Choosing schools

October 8, 2013

The school photo from the year they were first all there - 1996

The school photo from the year they were first all there – 1996

Oh the agony of choosing the first school. The angst. The middle class class stress of already thinking will it get them to Oxbridge. The leftists stress of is it abandoning principles if we go private? The liberal stresses of is it being racist if we don’t want to go to a school where they’ll be a minority? The right wing stress of wondering if all the council-estate children will be doing drugs.

Ah yes, we do well to be reminded of Malala, the Pakistani schoolgirl shot for daring to go to school. We West London middle class parents get het up about minor fluff,  – the possible differences between two or three reasonable schools – whilst others have no education at all.

But of course that counts for nowt when you actually come to put your darling first born’s name down for a school. Which one does one choose? I had been to two primary schools; one in Scotland, one in Wales. No more than 100 pupils in either school. No dark skinned faces. Everything was pristine in 1960s rural primaries.  And so it was that I walked in to the local school that was apparently where lots of nice people sent their children. Being able to walk to school was one of the key requirements of a primary school for me so that once they got to 8 they could walk home on their own and start getting some independence.

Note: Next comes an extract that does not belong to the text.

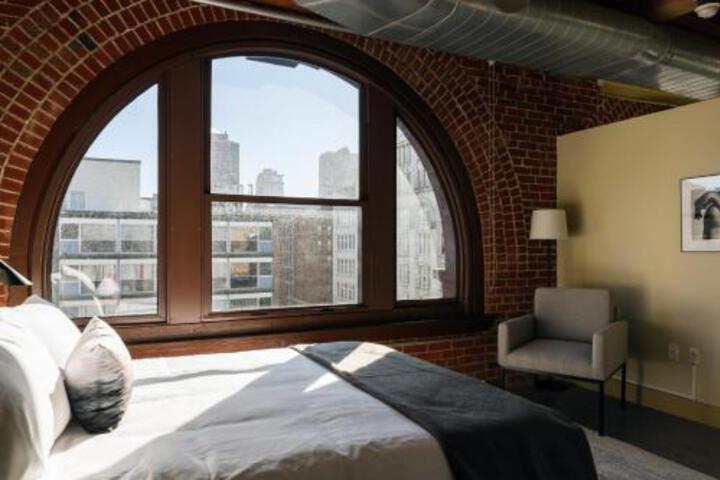 Arch Dome Dtown Large Loft With Rooftop By Zencity - thumb 4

The first school i went to see  was easy walking distance but a bit further than the not-so-nice-a-bit rough-round-the edges-one that was just round the corner. I felt at home straight away. It felt like where I had been to school. And I had forgotten how small the desks and chairs are. It was like walking in to Gulliver’s Travels.

I had got no further than the hallway as I tried to find the school office when a teacher came bustling towards me. “You can’t come in here with them,” she told me, “You’ll have to leave them outside.” You might be thinking I had brought a couple of Alsatians with me. Or some exploding fireworks or other health hazard, but you’d be wrong. She was referring to my two children who were with me. One aged two (as we were looking for him to start Nursery at 3) and his baby sister who was one. “We’ve come to look round the Nursery,” I explained. “I did call ahead and was told to come now.” “Yes, but you can’t bring the children. Have you not got someone you can leave them with?”she asked,

I didn’t really feel there was much point in going any further. I couldn’t believe it and took against the school in that instant. It seemed children were not the number one priority and she would have been happy for me to leave our children unattended outside whilst I was allowed to come and see the Nursery. No thanks. Hubby did go to the Parents Q and A evening which only confirmed our decision not to apply there as he said there was far too much emphasis on private tuition and homework for these tiny bubs. He didn’t think we would find it reflected our vision of school being about having a good time in those first few years.

In contrast, I went to try to visit the rough school round the corner and walked in to a building. Two children came up and asked me if i needed help and directed me to the Headteacher’s office. Another child held the door open for me on the way out. There was noise and laughter and a lot of brown faces. It seemed like this would be good enough and it’s where they went.

Bad Hair Day circa 1997

Bad Hair Day circa 1997

Yes, it wasn’t the best school ever but it did have its strengths in some great teachers a a celebration of diversity.

Bangra dancing

Bangra dancing

nursery 1991/2

nursery 1991/2

Christian celebrations

Christian celebrations

oct 064

Nursery performance 1995

They all learnt to read and write and did songs and poems and plays. And we met lifelong friends there. All of us, not just the children.

I still think home is the most important factor during those early school years. The advantage of having parents who read with you, or talk to you can’t be underestimated. The early years at school are as much about socialising and conforming as they are about reading and writing. And I think if you get a good feel for the place when you walk in; that the endeavour is right and it has a heart, then that’s half the battle. Where it is in the league table may be more a reflection of its intake than the ability of the teachers.

And anything they don’t learn at primary can easily be caught up in the first few years of high school if you are above average intelligence. Which, you may remember one of ours was not thought to be. ,


One Response to “Choosing schools”

  1. Sarah N Says:

    Yep. Primary school round the corner and secondary school across the town (walking distance, even for teenagers) did it for us! And they seem to have come out OK.